■ **ASSIGNMENT**
From the line containing "4LifeTransform Get Burning Pack for Men" through the last line below, copy every line exactly, leaving out the pictures.

═══ RECORDS TO USE

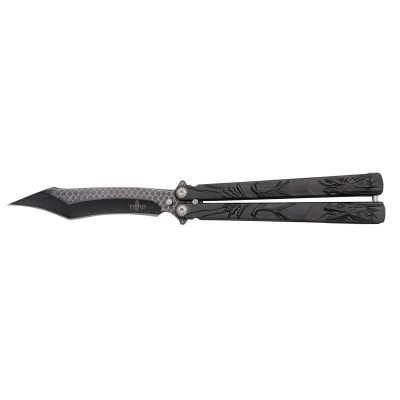 Navaja K2829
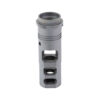 SUREFIRE SOCOM MB 338LAP M18X1.5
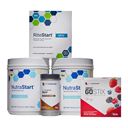 4LifeTransform Get Burning Pack for Men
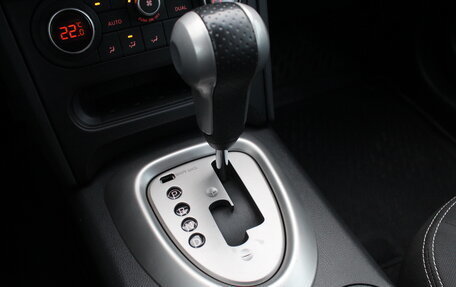 Nissan Qashqai, 2013 год, 1 180 000 рублей, 21 фотография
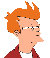 philip-j-fry-bender-leela-amy-wong-planet-express-ship-french-fry-thumbnail-1.png(1).png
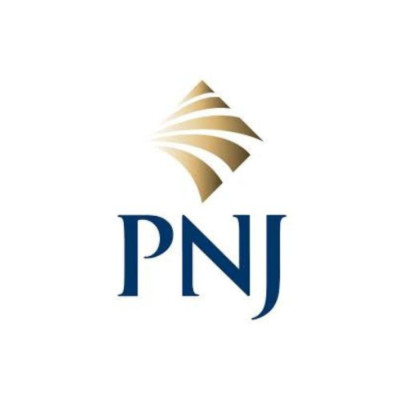 Chi Nhánh Công Ty Cổ Phần Vàng Bạc Đá Qúy Phú Nhuận - Chi Nánh PNJ An Giang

══════

■ **SOLUTION FOR THIS PROBLEM**
 4LifeTransform Get Burning Pack for Men
 Nissan Qashqai, 2013 год, 1 180 000 рублей, 21 фотография
 philip-j-fry-bender-leela-amy-wong-planet-express-ship-french-fry-thumbnail-1.png(1).png
 Chi Nhánh Công Ty Cổ Phần Vàng Bạc Đá Qúy Phú Nhuận - Chi Nánh PNJ An Giang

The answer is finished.